Ex-candidato à Presidência da Venezuela, o opositor Edmundo González Urrutia, de 76 anos, afirmou neste sábado (30/5) que apoia a realização de novas eleições para alcançar uma “democracia real” no país. Nas eleições de 2024, ele se declarou presidente do país, porém, Nicolás Maduro foi anunciado vencedor do pleito.
Exilado na Espanha, o ex-diplomata expressou apoio à líder opositora e vencedora do Prêmio Nobel da Paz María Corina Machado, que reivindica uma nova votação após a captura de Maduro durante uma operação militar americana em janeiro deste ano.
“Há poucos dias, no Panamá, María Corina Machado e as forças democráticas da Venezuela se reuniram com um único propósito: a liberdade da Venezuela. Estamos juntos, unidos no mesmo roteiro em direção ao mesmo destino”, disse González em um vídeo divulgado nas redes sociais.
Na quinta-feira (28/5), María Corina manifestou sua “determinação” em negociar uma transição democrática com a administração interina encarregada da Venezuela pós-Maduro para alcançar “uma eleição presidencial livre, transparente e soberana”, segundo uma carta assinada por ela ao término de um encontro com dirigentes opositores no Panamá.
Oposição denuncia fraude
Em 2024, González foi candidato no lugar de María Corina nas eleições, das quais a líder opositora não pôde participar por ter sido legalmente inabilitada.
Contudo, a oposição denuncia fraude nas eleições que deram a vitória a Maduro para um terceiro mandato e reivindica a vitória de González, que se exilou na Espanha em setembro de 2024 após a emissão de uma ordem de prisão contra ele.
“O mandato de 28 de julho é da Venezuela.

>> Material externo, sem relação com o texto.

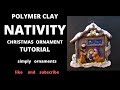 Polymer Clay Nativity Christmas Ornament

Eu sou seu guardião, não seu dono, e, como guardião, meu compromisso é fazer tudo o que estiver ao meu alcance para que esse mandato se transforme em liberdade real, em democracia real”, afirmou o opositor.
Maduro foi declarado vencedor do pleito sem que o órgão eleitoral publicasse em seu site oficial as atas com a apuração detalhada dos votos, como determina a lei, sob a afirmação de que seus sistemas haviam sido alvo de um ataque hacker.
A oposição assegura que venceu as eleições presidenciais e, como prova, divulgou cópias de mais de 80% das atas das máquinas de votação, documentos que o chavismo desconsidera. “Reconhecer a necessidade de um processo eleitoral presidencial, para mim, é honrar a vontade de todo um povo que quer liberdade”, declarou González.